MATERIAL PROVIDED

+++

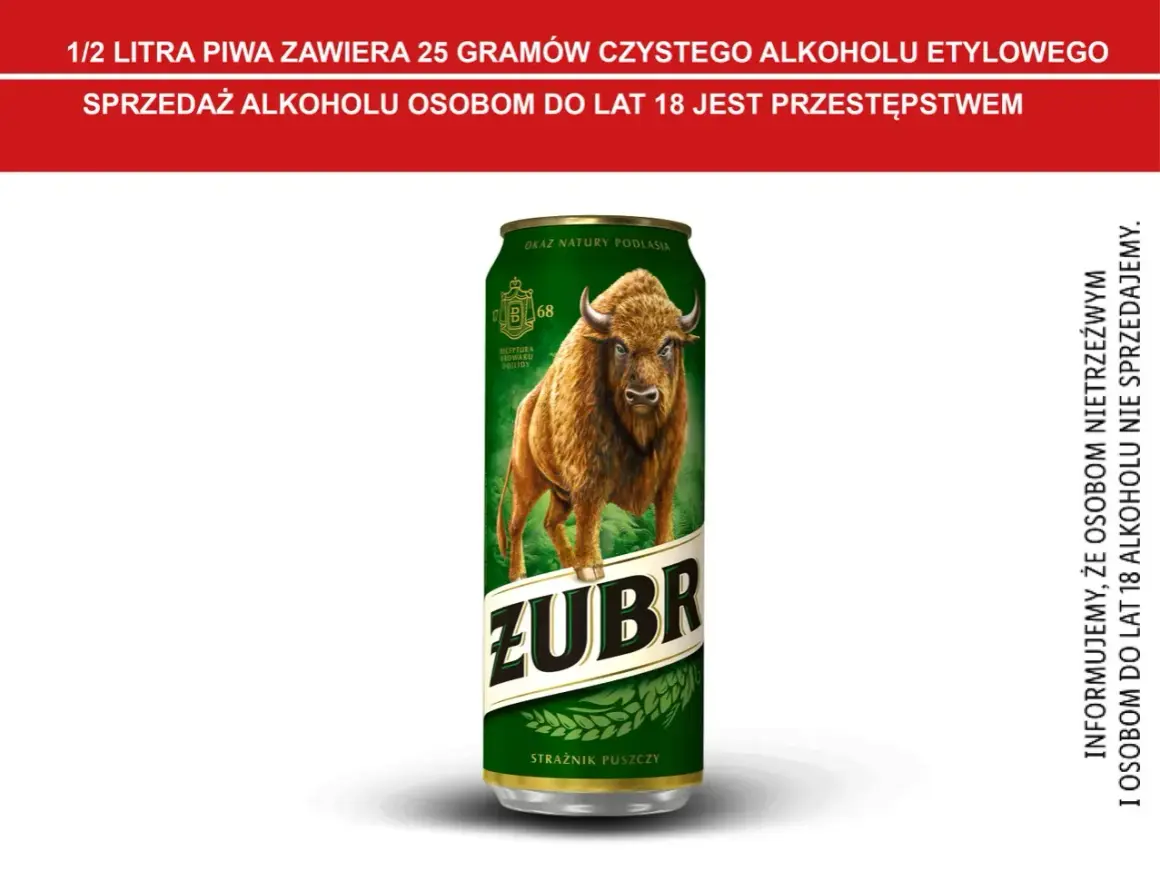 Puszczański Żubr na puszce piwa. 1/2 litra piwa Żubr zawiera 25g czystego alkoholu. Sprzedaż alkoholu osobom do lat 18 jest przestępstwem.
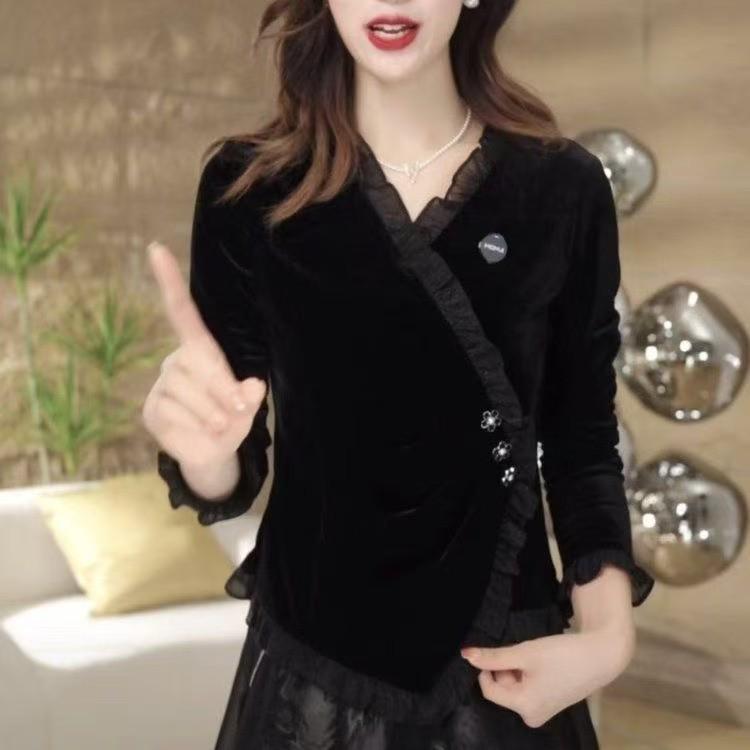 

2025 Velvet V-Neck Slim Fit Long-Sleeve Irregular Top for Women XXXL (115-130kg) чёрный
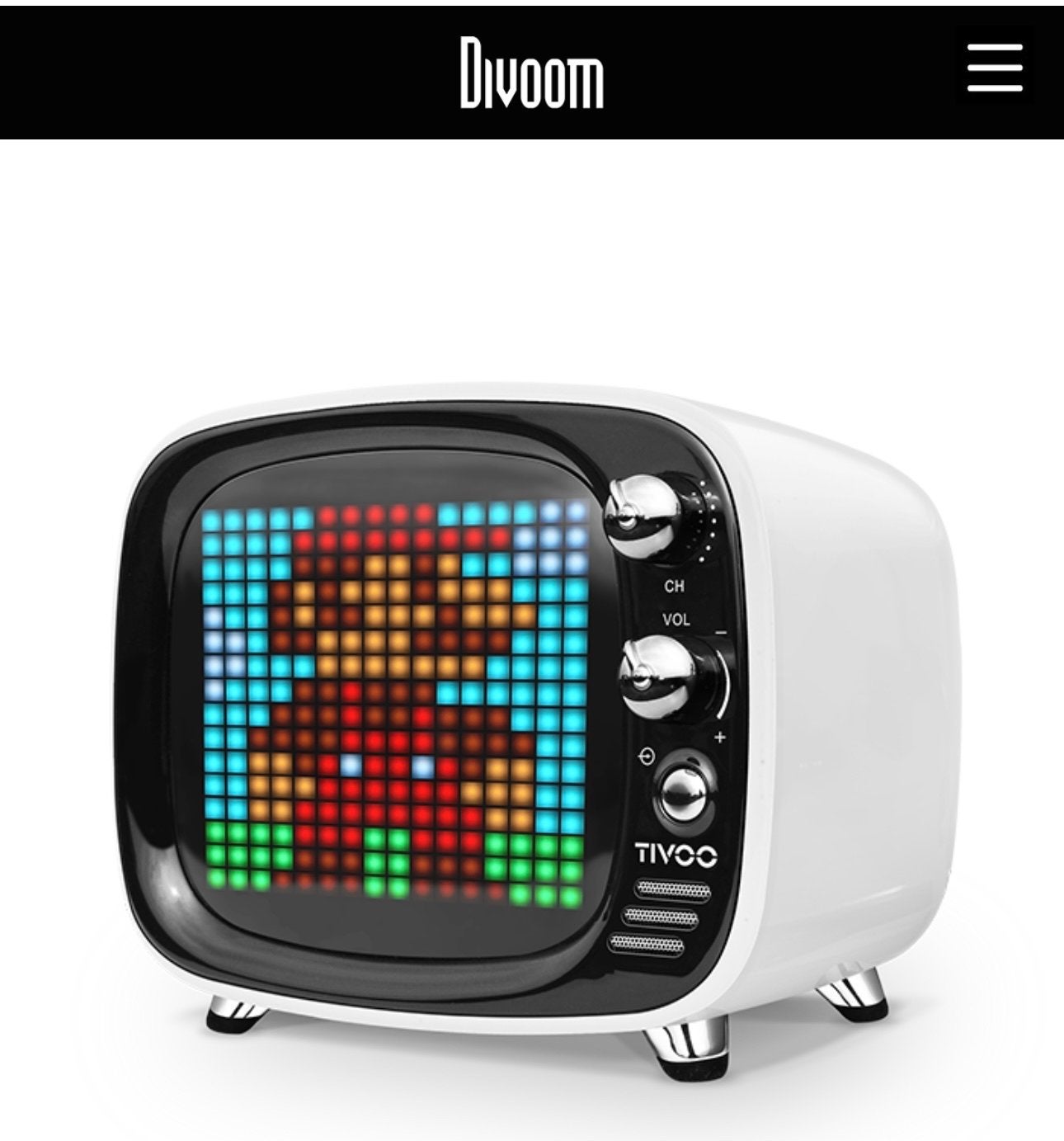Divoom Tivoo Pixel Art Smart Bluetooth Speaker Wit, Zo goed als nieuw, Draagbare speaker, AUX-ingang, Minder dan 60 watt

+++

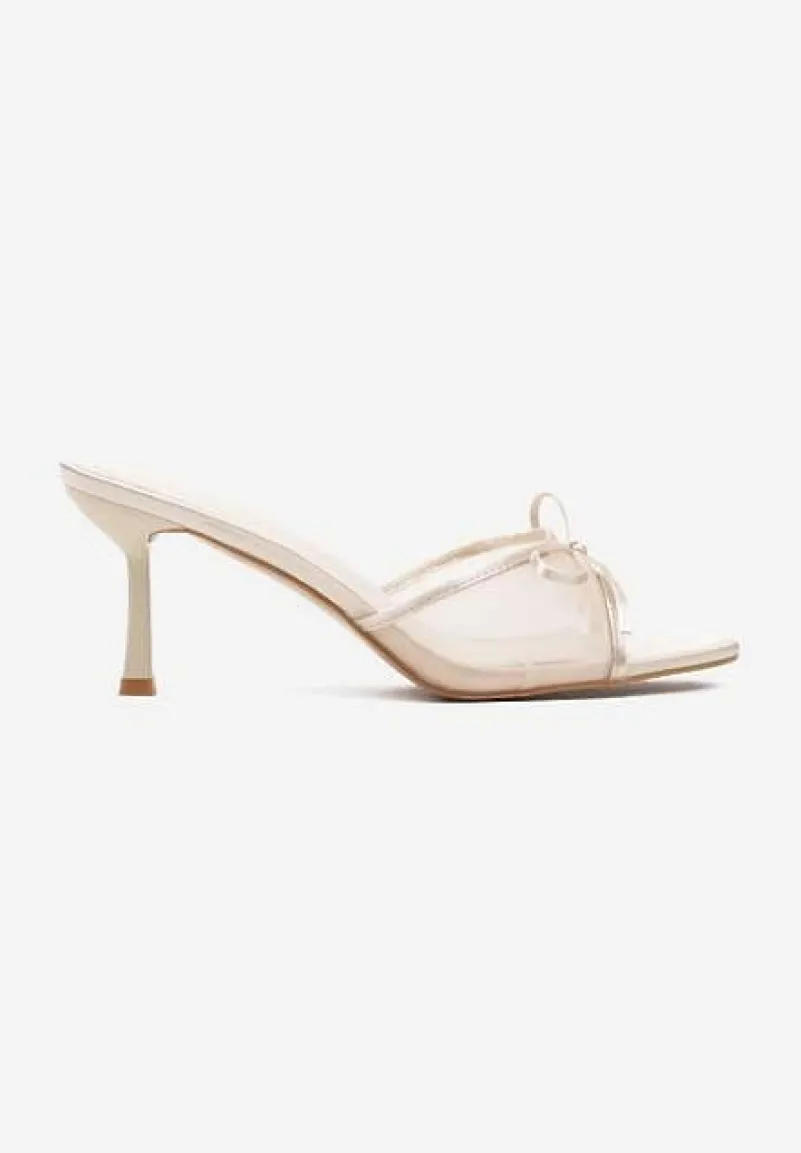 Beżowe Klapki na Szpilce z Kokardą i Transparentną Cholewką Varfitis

+++

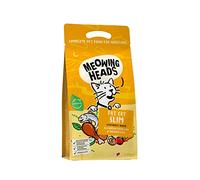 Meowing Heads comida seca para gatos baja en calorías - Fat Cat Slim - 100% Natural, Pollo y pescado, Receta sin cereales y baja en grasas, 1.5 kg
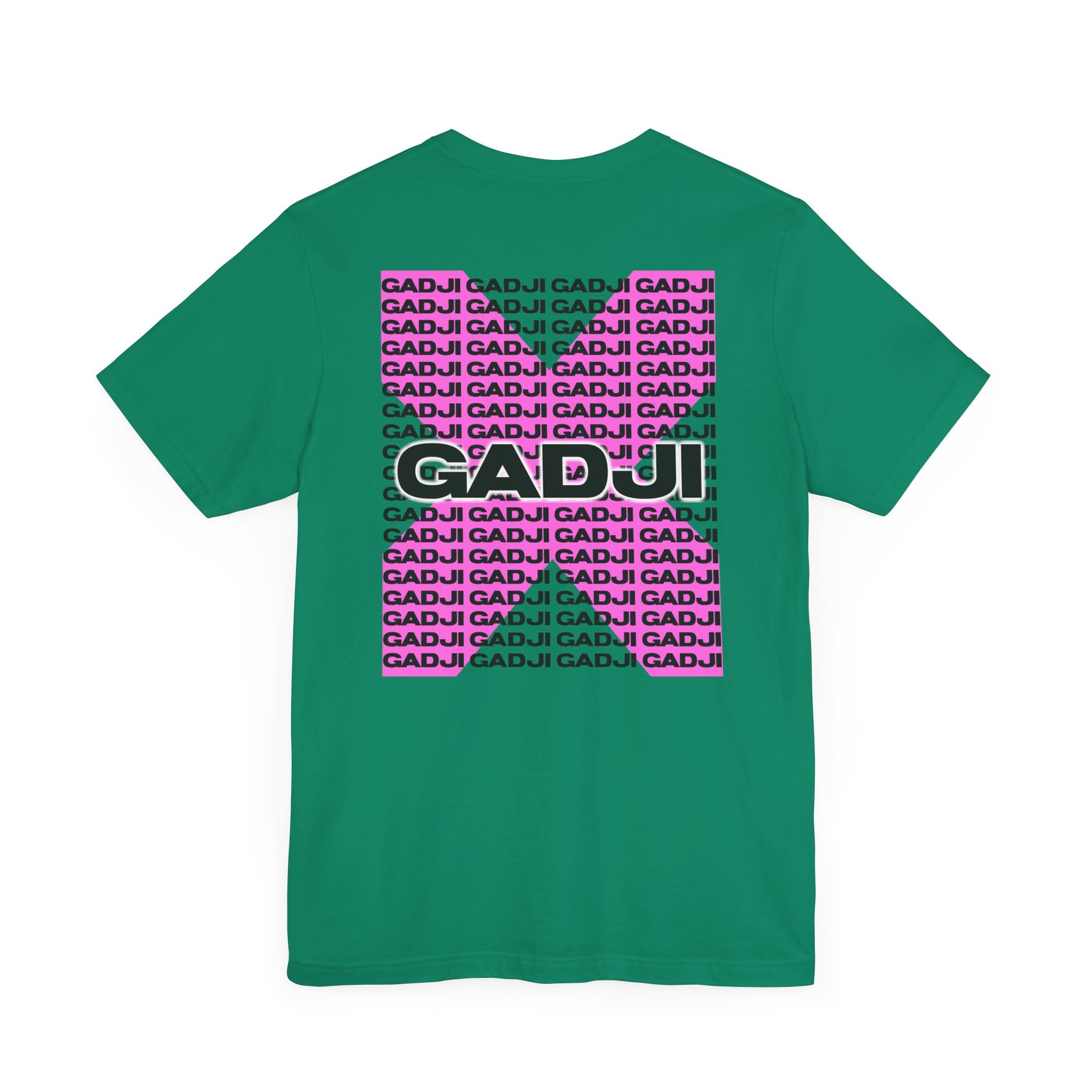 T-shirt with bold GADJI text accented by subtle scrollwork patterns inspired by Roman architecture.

+++

THE PROBLEM
In the listing above, find the line containing "Puszczański Żubr na" and the line containing "Divoom Tivoo Pixel". Print those two lines and every line between them exactly, with no pictures.

OUTPUT FOR THIS EXERCISE
 Puszczański Żubr na puszce piwa. 1/2 litra piwa Żubr zawiera 25g czystego alkoholu. Sprzedaż alkoholu osobom do lat 18 jest przestępstwem.

2025 Velvet V-Neck Slim Fit Long-Sleeve Irregular Top for Women XXXL (115-130kg) чёрный
Divoom Tivoo Pixel Art Smart Bluetooth Speaker Wit, Zo goed als nieuw, Draagbare speaker, AUX-ingang, Minder dan 60 watt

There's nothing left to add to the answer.